Final answer:
The voltage required when a material with a dielectric constant of 6.3 is positioned within the plates of the parallel-plate capacitor is approximately 96.1 V.
Step-by-step explanation:
First, we can calculate the capacitance of the parallel-plate capacitor using the formula:
C = (ε0 x A) / d
where C is the capacitance, ε0 is the vacuum permittivity (ε0 = 8.85 x 10^-12 F/m), A is the area of the plates (A = 150 mm^2 = 150 x 10^-6 m^2), and d is the separation between the plates (d = 3.3 mm = 3.3 x 10^-3 m).

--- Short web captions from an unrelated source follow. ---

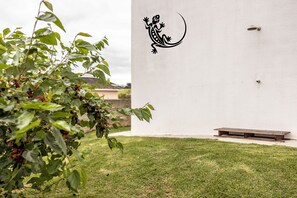 A white wall with a black lizard decal, a grassy lawn, and a wooden bench.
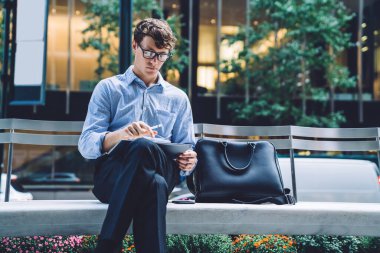 Gözlüklü yakışıklı genç bir erkek ofis binasının önündeki bankta oturuyor Manhattan, New York 'ta bir sokakta tablet okuyor.
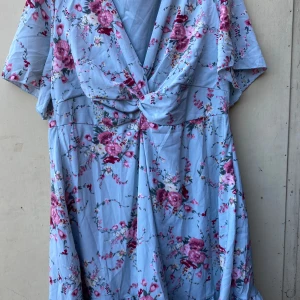 Blommig klänning i ljusblått - Säljer en superfin ljusblå klänning med blommigt mönster i rosa och vinrött. Klänningen har en v-ringad omlottdesign framtill och korta ärmar. Perfekt för sommarens fester eller en dag på stan!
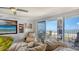 Inviting living room with ocean views from the balcony and comfortable seating arrangements at 1 Benjamin Franklin Dr # 93, Sarasota, FL 34236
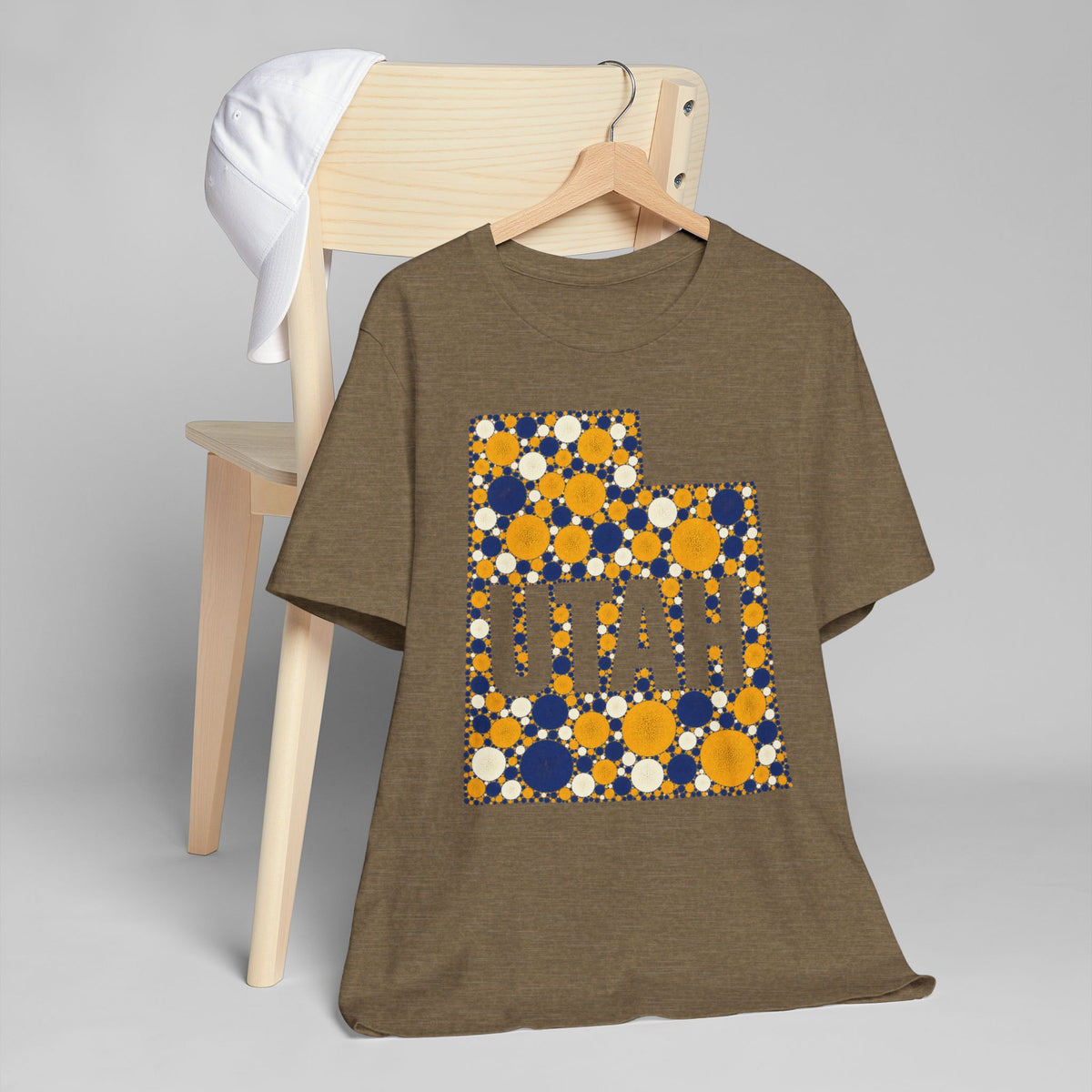 Brown T-shirt with blue and gold polka-dot Utah map outline and lettering graphic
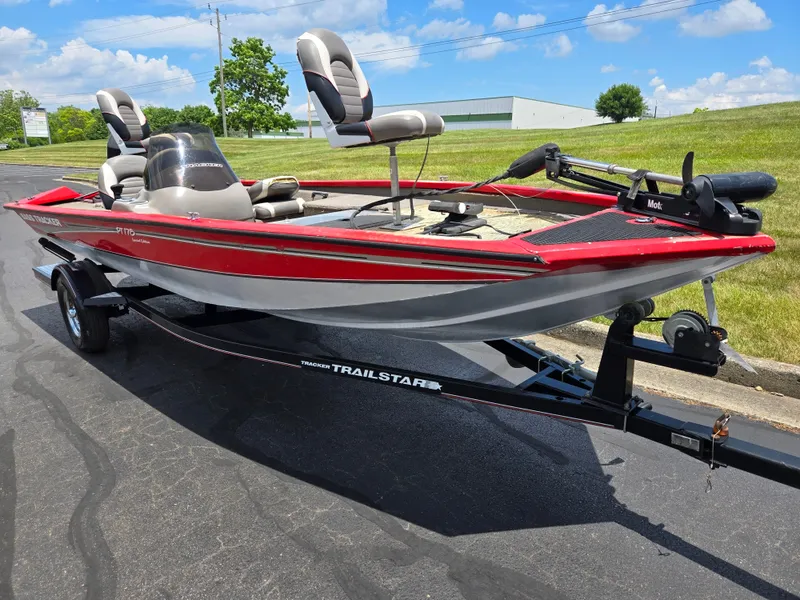 Slide: The Image of 2004 Tracker Pro Team 175 boat on trailer, red and silver, parked on asphalt. - 5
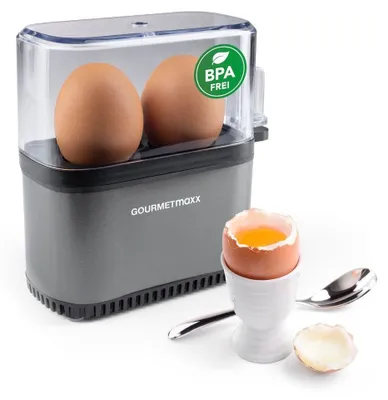 A GOURMETmaxx egg cooker with two eggs inside, and a cooked egg in an egg cup next to it.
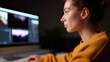 © Chandlerlikes - Woman editing photos on high-resolution monitor in modern editing suite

By substituting the given values into the formula, we get:
C = (8.85 x 10^-12 F/m x 150 x 10^-6 m^2) / (3.3 x 10^-3 m) = 5.09 x 10^-13 F
Next, we can use the equation:
V = Q / C
to calculate the voltage, where V is the voltage, Q is the charge, and C is the capacitance.
By substituting the given charge (Q = 4.9 x 10^-11 C) and the calculated capacitance (C = 5.09 x 10^-13 F), we get:
V = (4.9 x 10^-11 C) / (5.09 x 10^-13 F) = 96.1 V
Therefore, the voltage required when a material with a dielectric constant of 6.3 is positioned within the plates is approximately 96.1 V.